LIEBE LESERIN, LIEBER LESER,
Man darf wieder zuversichtlich sein. Impffortschritt und die Abkehr vom Inzidenzwert hin zu einem Kriterienmix mit der Hospitalisierungsrate als wichtigstem Indikator deuten auch für den Opernbetrieb auf eine langsame Rückkehr zu Normalität hin. Natürlich, was Herbst und Winter bringen werden, bleibt abzuwarten. Doch zum Spielzeitbeginn im Spätsommer zeigen sich die Opernhäuser insgesamt gut aufgestellt. Vielerorts ist die auch wirtschaftlich bedeutsame Vollauslastung grundsätzlich wieder erlaubt, sofern die 3G-Regel eingehalten wird. Individuelle Handhabungen gibt es dagegen bei der Maskenpflicht, was wiederum Auswirkungen auf die Auslastung hat. Während beispielsweise die Deutsche Oper Berlin alle Plätze anbietet, ihre Besucher aber zum Tragen einer FFP2- oder einer medizinischen Maske (immerhin ist auch diese jetzt wieder erlaubt!) verpflichtet, verkauft die Komische Oper Berlin vorerst nur 50 Prozent ihrer Karten und platziert im Schachbrettmuster mit der Möglichkeit, die Maske während der Vorstellung abzunehmen. Bei einer Befragung des Publikums war eine Präferenz für diese Lösung zu erkennen gewesen. Nicht nur das Programm und die Künstler mögen für den hauptstädtischen Besucher in den nächsten Wochen also ein Auswahlgrund für das eine und gegen das andere Haus sein, sondern auch sein individuelles Sicherheitsempfinden. Abstand oder Maske? Was einem sicherer dünkt, darf man wählen.

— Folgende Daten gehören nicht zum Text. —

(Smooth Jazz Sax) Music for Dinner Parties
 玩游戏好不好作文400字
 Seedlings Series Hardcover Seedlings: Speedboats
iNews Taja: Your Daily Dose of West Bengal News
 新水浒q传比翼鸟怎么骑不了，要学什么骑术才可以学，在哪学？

Geradezu luxuriös mag eine solche Option dem Opernfreund in den USA anmuten, wo etwa die Metropolitan Opera sowohl sämtlichen Beschäftigten als auch dem Publikum nur mit vollständigem Impfschutz Zutritt zum Haus gewährt, auch Kindern und Jugendlichen. Nachdem die Regierung lange auf Freiwilligkeit gesetzt hat, kommen nun in immer mehr Bereichen die Pflichtimpfungen.
Ein anderes Virus, das Opernvirus, verabreicht die Oper Köln jungen Menschen seit nunmehr 25 Jahren in ihrer Kinderoper. Ein schwieriges Unterfangen, das Fachwissen, Begabung und nur erstklassige Qualität erlaubt. Denn Kinder sind gnadenlos ehrliche Bewerter. Um sie zu begeistern und gar bei der Oper zu halten, braucht es Expertise wie sie sich die Kölner Institution als eine der allerersten in diesem Bereich inzwischen aufgebaut hat. Wie alles anfing und wie man selbst Richard Wagner den Kindern erfolgreich nahebringt, erfahren Sie in unserem Themenbeitrag.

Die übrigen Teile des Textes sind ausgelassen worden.